HPLC determination of carnitine and acylcarnitines in human plasma by means of fluorescence labeling using 2-(4-hydrazinocarbonylphenyl)-4,5-diphenylimidazole.

Abstract

Carnitine and acylcarnitines are important substances involved in the oxidation and metabolism of fatty acids. An HPLC method is presented for the quantitative analysis of these compounds. The method is based on the detection of fluorescent derivatives of carnitine and short- and medium-chain acylcarnitines labeled with 2-(4-hydrazinocarbonylphenyl)-4,5-diphenylimidazole (HCPI). The labeling of carnitine and acylcarnitines with HCPI was performed at room temperature for 1 h using 1-ethyl-3-(3-dimethylaminopropyl)carbodiimide as a condensing reagent.

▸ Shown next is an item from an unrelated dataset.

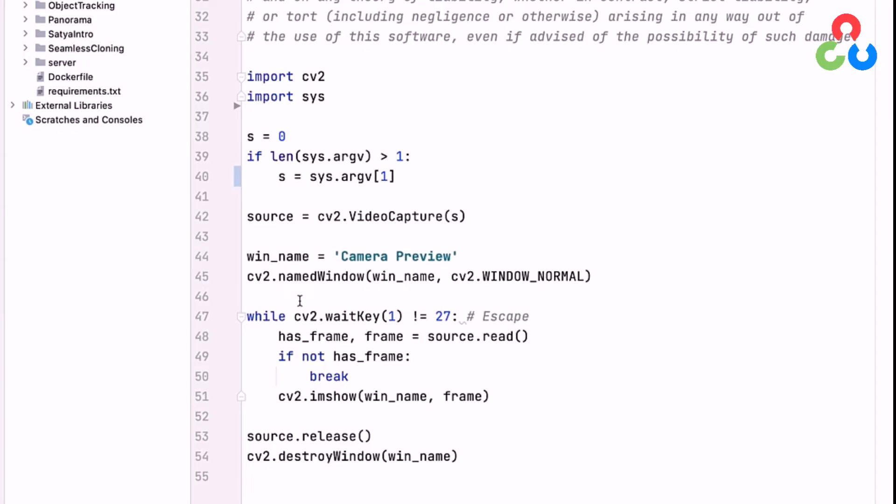This while loop is going to allow us to continuously stream video from the camera and send it to the output, unless the user hits the escape key. That's what this wait key function does—it continuously checks whether the user's hit the escape key. The first line in this loop, line 48, uses that video capture object source to call the read method in that class.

The analytes prepared using cation-exchange cartridges were separated on an octadecylsilyl silica gel (ODS) column by a gradient elution system of acetonitrile/Tris-HCI buffer and determined using a synthetic internal standard. Fluorescence detection was performed at 475 nm with excitation at 340 nm. The detection limits for carnitine, acetyl-, propionyl-, hexanoyl- and octanoylcarnitine ranged from 0.24 to 1.97 nmol per ml human plasma, at a signal-to-noise ratio of 3. The within-day and between-day precision of the assay for carnitine and acylcarnitines in plasma samples had relative standard deviations (RSDs) lower than 10.3%. The concentration of free carnitine, acylcarnitines and total carnitine in human plasma could be successfully determined by the proposed method.